After an airport tour and a visit to air traffic control, Courtney toured the seaport two miles away. The newly expanded airport and seaport will work together, creating transportation synergy — whether for shipping cargo coming in by rail or for vacationers flying into the airport to board a cruise liner at the seaport.
“Going to these types of job sites is really important because I can understand how complex they are. It’s easier to get a sense for the magnitude. The scale is really impressive, and this project was no exception.”
When emerging markets equity analyst Chapman Taylor plans a research trip to Indonesia, he is naturally inclined to venture off the beaten path. “In most emerging markets,” he explains, “the capital city may represent the dominant economic force but only 10 to 30% of the population base. To truly understand a developing country, it’s imperative to travel outside of the capital.”
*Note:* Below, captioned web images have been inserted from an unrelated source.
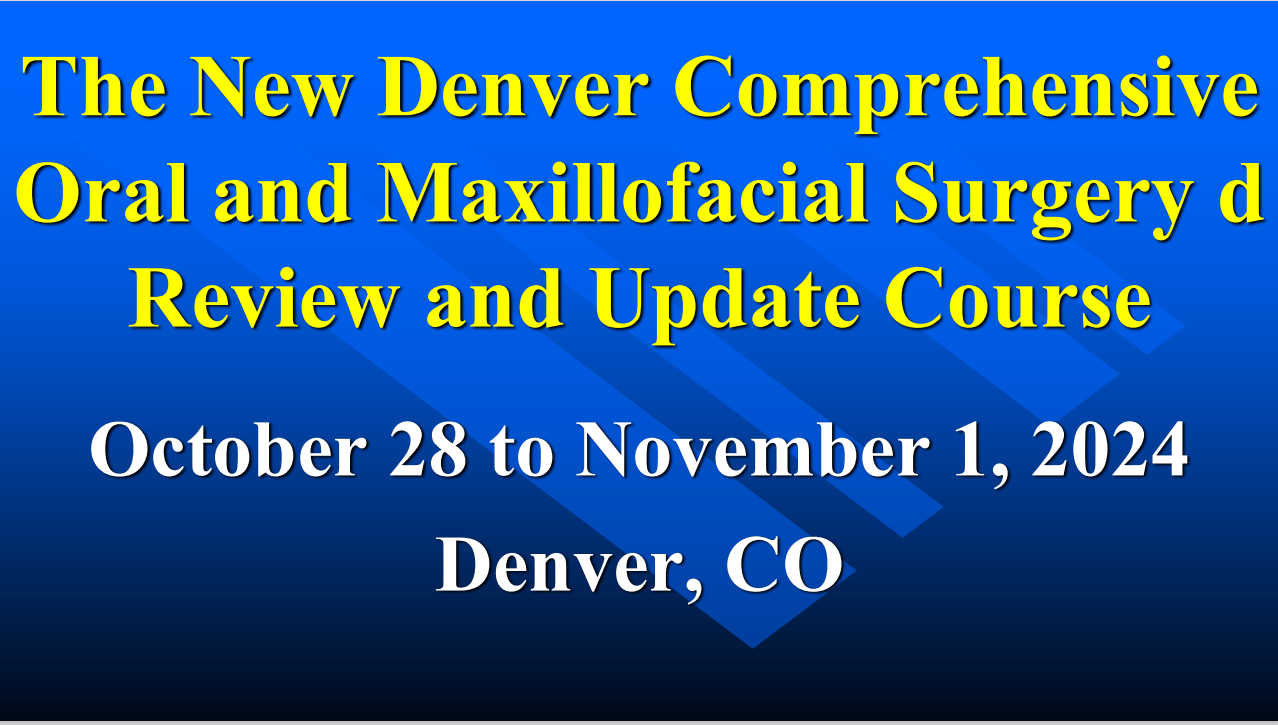 The New Denver Comprehensive Oral & Maxillofacial Surgery Review & Update Course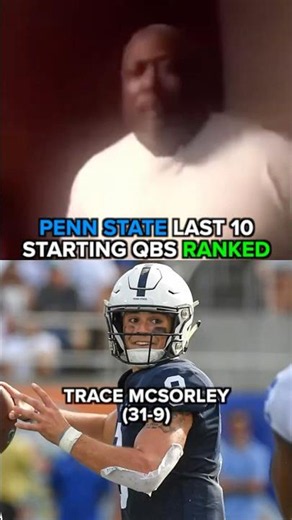 RANKING PENN STATE QBS #pennstate #cfb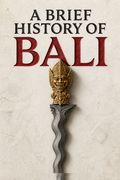 A Brief History Of Bali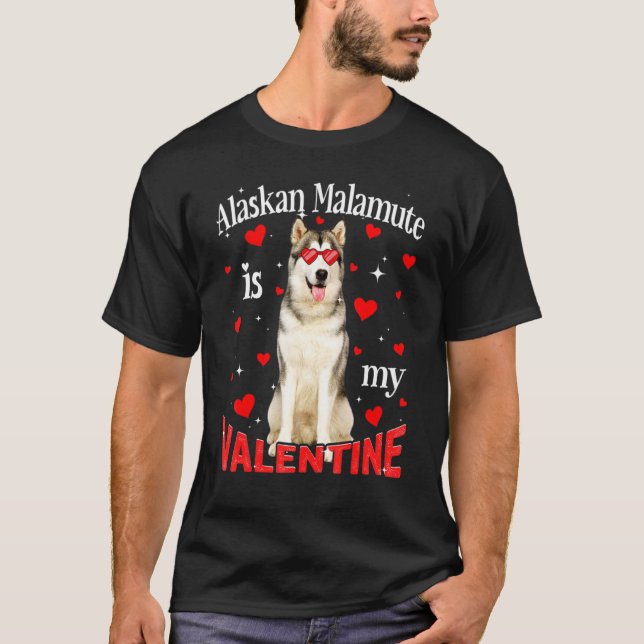 Camiseta Funny Alaskan Malamute Is My Valentine Dog Dad Dog (Frente)
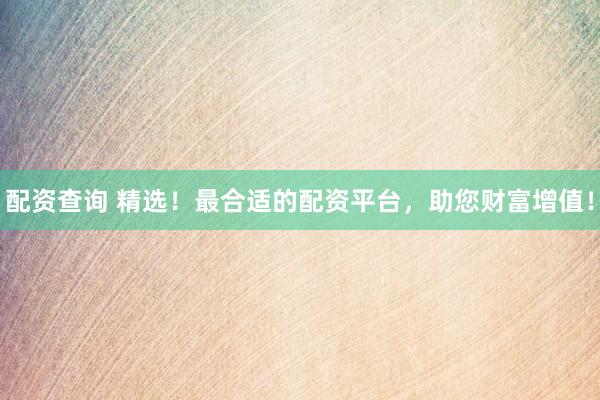 配资查询 精选！最合适的配资平台，助您财富增值！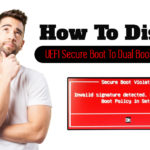 How to Disable Secure Boot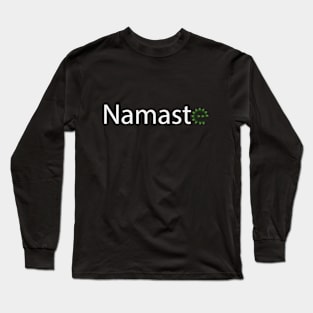 Namaste creative natural design Long Sleeve T-Shirt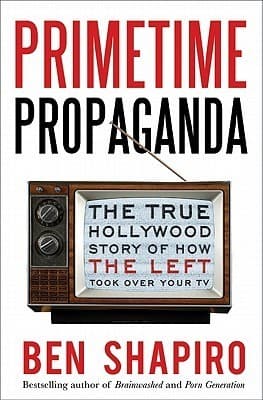 Primetime Propaganda: The True Hollywood Story of How the Left Took Over Your TV poster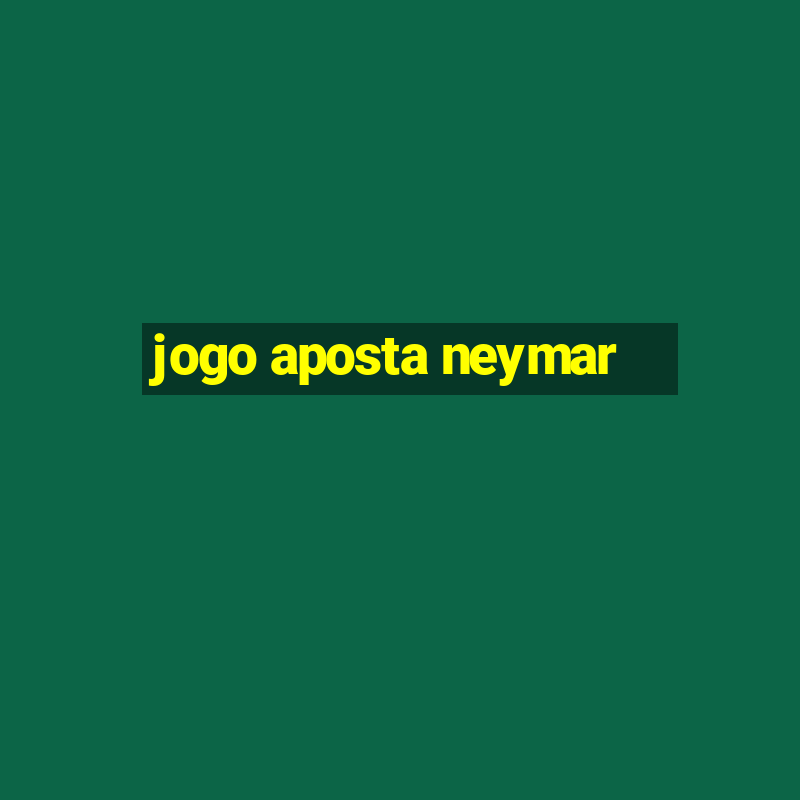 jogo aposta neymar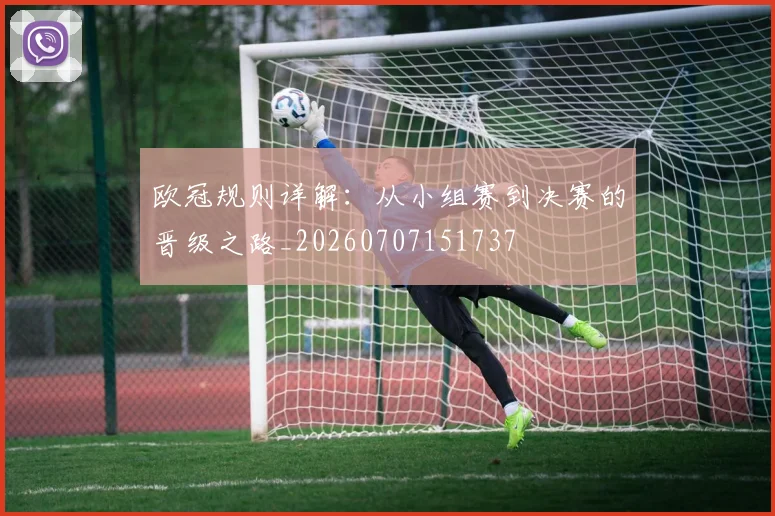 欧冠规则详解:从小组赛到决赛的晋级之路_20260707151737
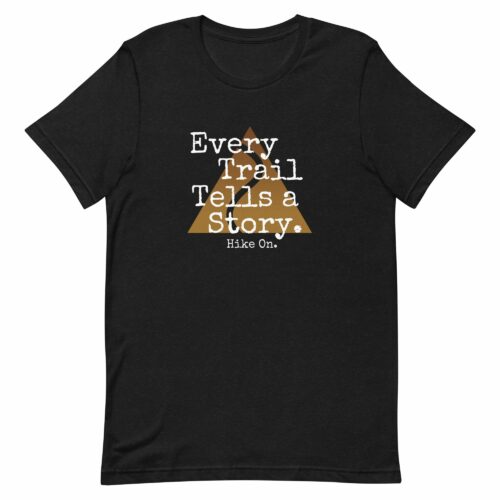 Every Trail Tells a Story (short-sleeved)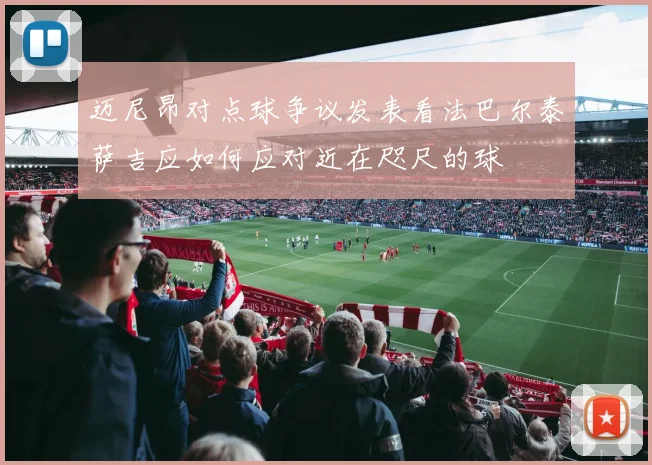 迈尼昂对点球争议发表看法巴尔泰萨吉应如何应对近在咫尺的球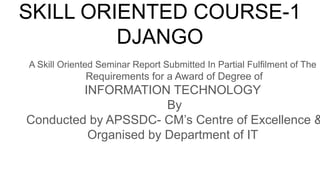 SKILL ORIENTED COURSE-1
DJANGO
A Skill Oriented Seminar Report Submitted In Partial Fulfilment of The
Requirements for a Award of Degree of
INFORMATION TECHNOLOGY
By
Conducted by APSSDC- CM’s Centre of Excellence &
Organised by Department of IT
 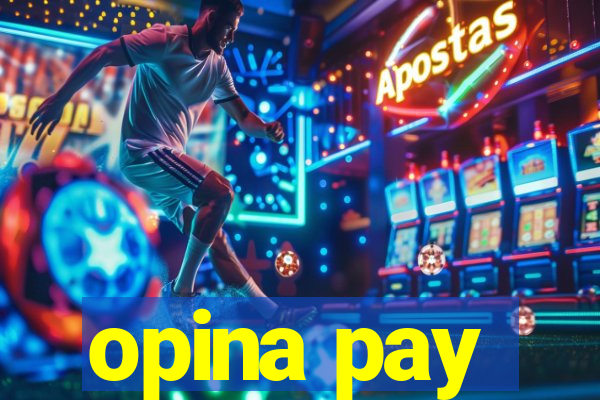 opina pay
“In Indonesia, I happened upon a place called Sragen, where the local leader, or Bupati, was held in high regard for his insightfulness, management skills and lack of corruption. For several years, I went there to see what kind of change was happening on a local level.”
Many emerging markets are experiencing tremendous growth, but investors are often concerned about political and economic instability. For many years, Indonesia struggled with corruption and corporate governance problems. Chapman was intrigued by the country’s potential, but knew that traditional behind-the-desk research wouldn’t be a sufficient way to gauge the risks. Over recent years, his local visits led him to conclude that things were changing in Indonesia. “It wasn’t just a policy issue — there was bottom-up change as well,” he explains. “That led to my conviction about Indonesian companies as opportunities for investors.”
Chapman stays in touch with the Bupati by visiting Sragen every other year, and he has expanded his research to other areas in the region as well.